Recuerda su paso por el reality como una especie de "gran hermano que todo lo ve". "Allí no hay nada fuera de cámaras, todo te lo graban. [...] Si criticabas o algo, todo te lo pillaban y te lo ponían... Y yo rajo siempre", comenta entre risas con la pescadera y con Jordi. Allí rajan todas siempre, afirman. Pero ojo, un poquito solo, y con gracia.

Orgullo de barrio

"Aquí en la Barceloneta estamos superorgulloso de Loles León", defiende la tendera. Para ella, Loles y sus vecinos son prácticamente familia. La identidad del barrio sigue muy latente entre quienes han habitado allí toda la vida, a pesar del turismo y la gentrificación. Y es que, conociendo al padre de Loles, cualquiera sabe quién es familia de verdad, bromean.

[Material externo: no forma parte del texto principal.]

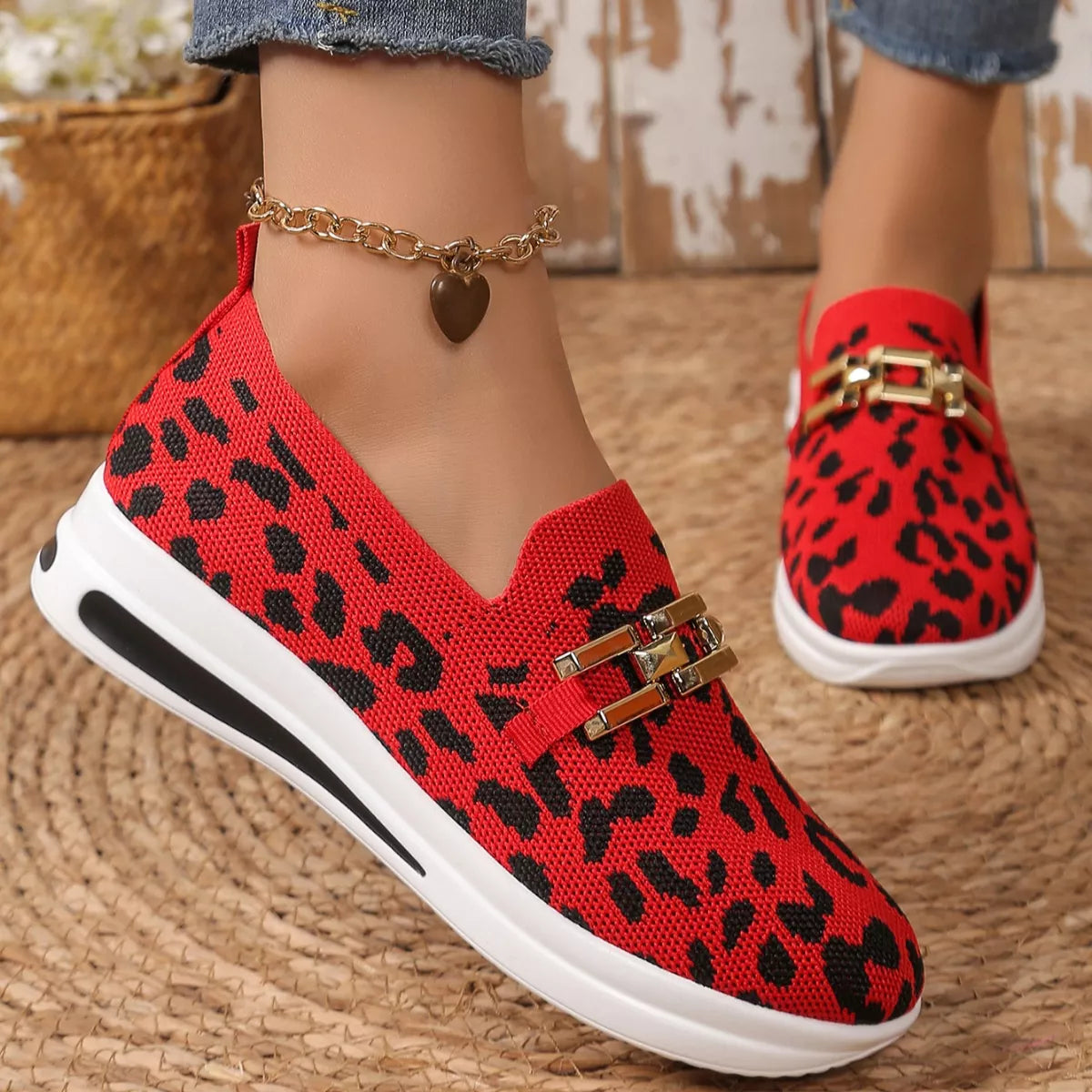 Women's Leopard Print Round Toe Slip-On Sneakers – Breathable Mesh Flats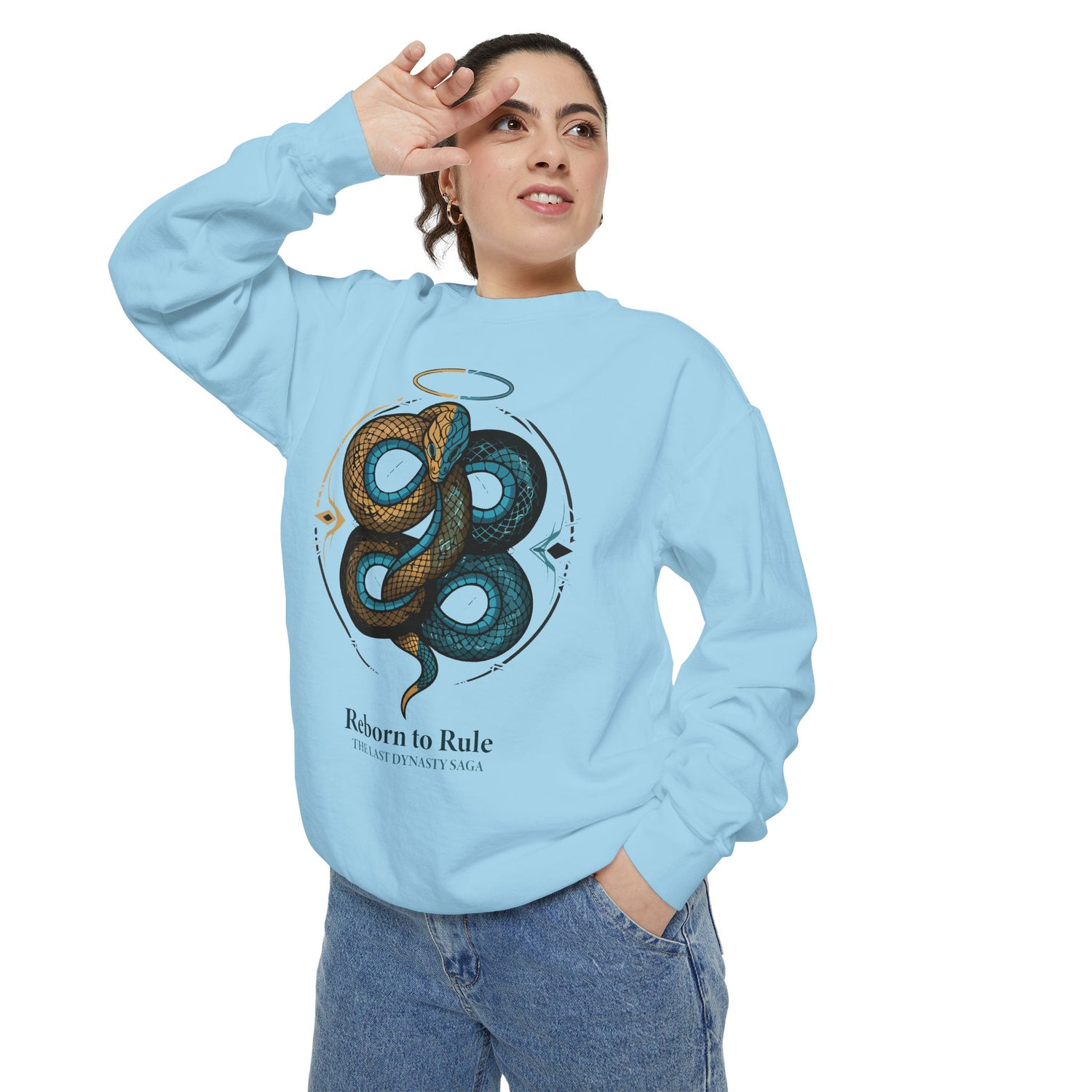 Snake Emblem Sweatshirt — "Reborn to Rule" Graphic Crewneck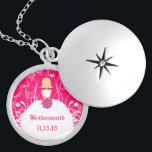 Blonde Fuchsia Wedding Bridesmaid Necklace<br><div class="desc">Keepsake Necklaces Choose either Silver Plated Gold Finish or Sterling Silver Unique Personalized Custom Wedding Keepsake Wedding Party Necklaces - to change background color - click customize - click edit - choose last tool in drop down menu and choose from one of the colors shown or enter your rgb hex...</div>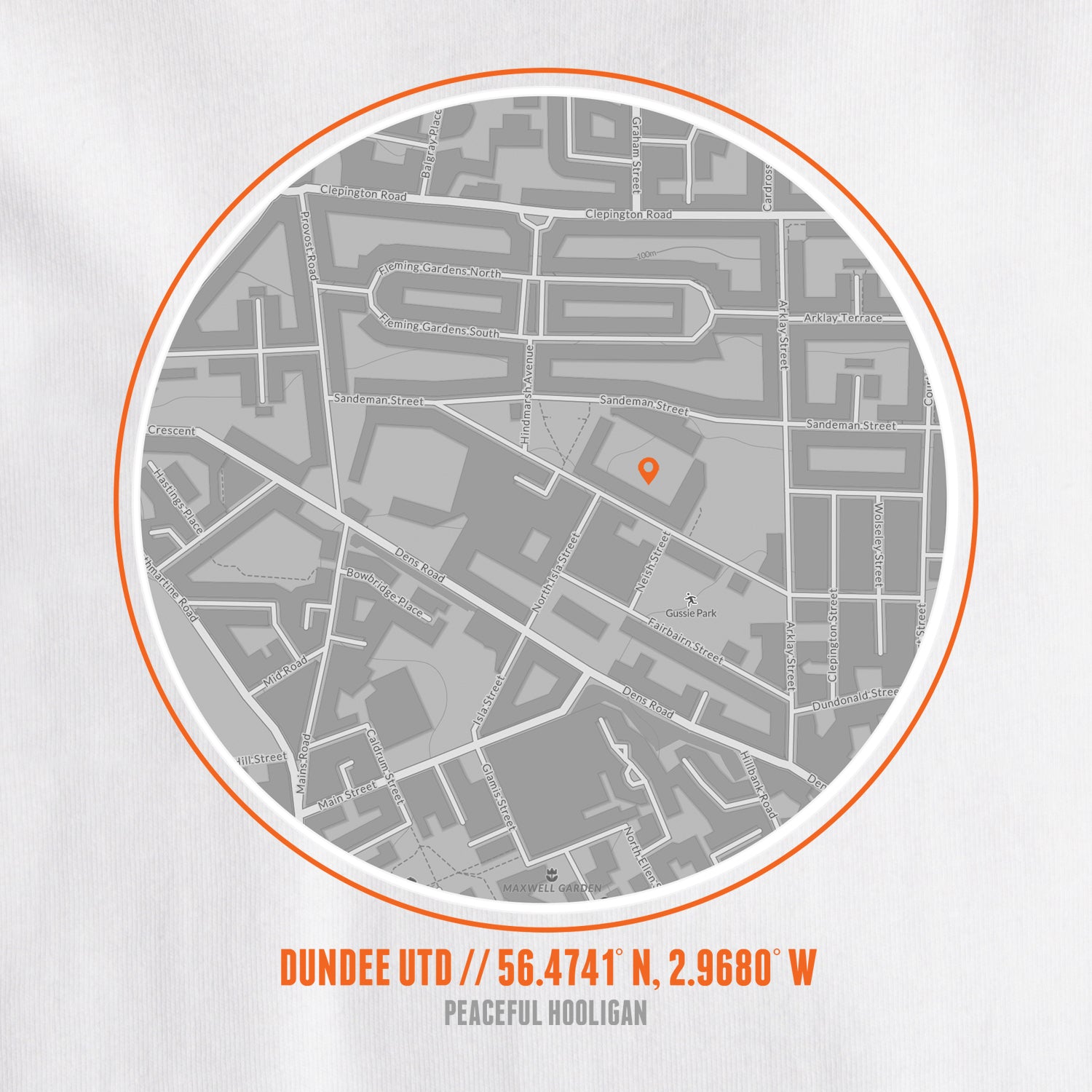 Dundee Utd Location T-Shirt White - Peaceful Hooligan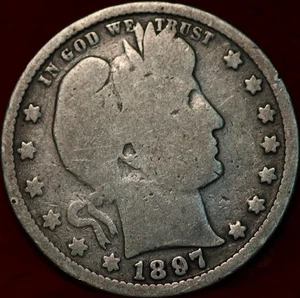 1897 Philadelphia Mint Silver Barber Quarter - Picture 1 of 2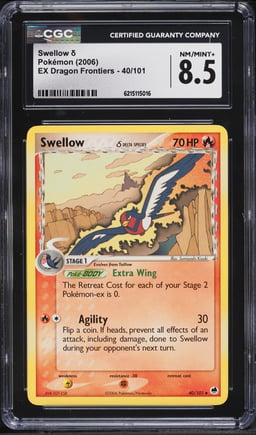 2006 Pokemon EX Dragon Frontiers Swellow #40 CGC 8.5 NM-MT+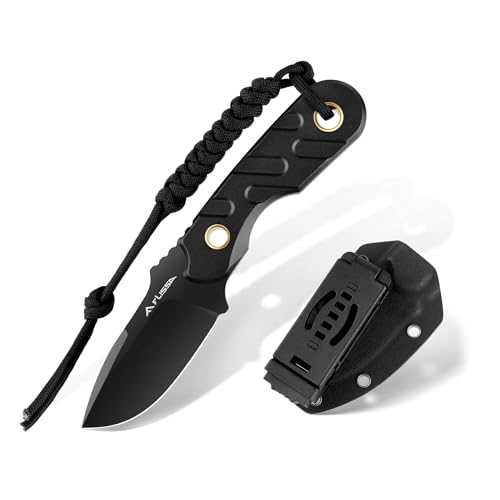 FLISSA Fixed Blade Knife, 7 Inch Full Tang Hunting Knife with Kydex Sheath and Emergency Rope, Tactical Knife for Survival, Camping, Hiking(Black) Black Aluminum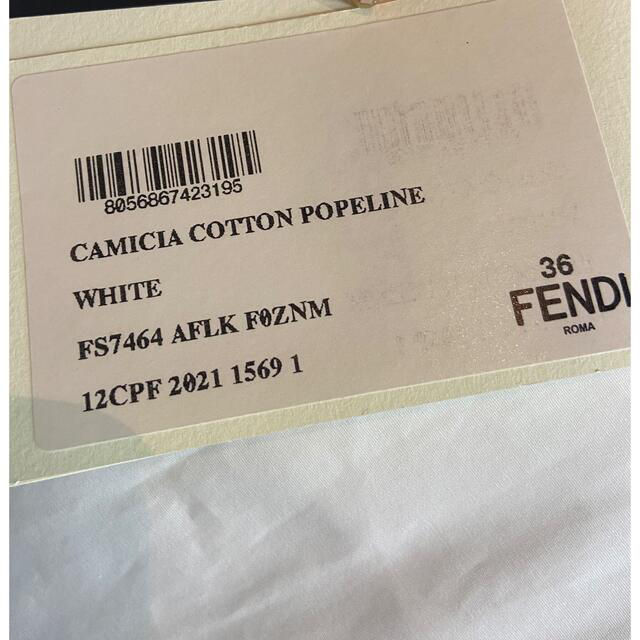 FENDI - ◆FENDI◆ 2021AW ホワイト コットン ノースリーブシャツ ローズ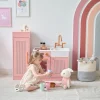 Little Chef Chester Wooden Play Kitchen with Large Fridge & Sink - Pink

Y sí, Loles también hubiera sido "una pescadera de la hostia". De hecho, lo fue. "Mi novio, el Peña, me puso una parada de pescado en el Clot y fui a aprender a cortar pescado a La Boquería con los Cordillero", les cuenta.

El chascarrillo final es inevitable para Loles: "La almeja la tenemos aquí encajada. La almeja la tenemos fresca". La pescadera, como no podía ser de otra manera, le sigue la gracia.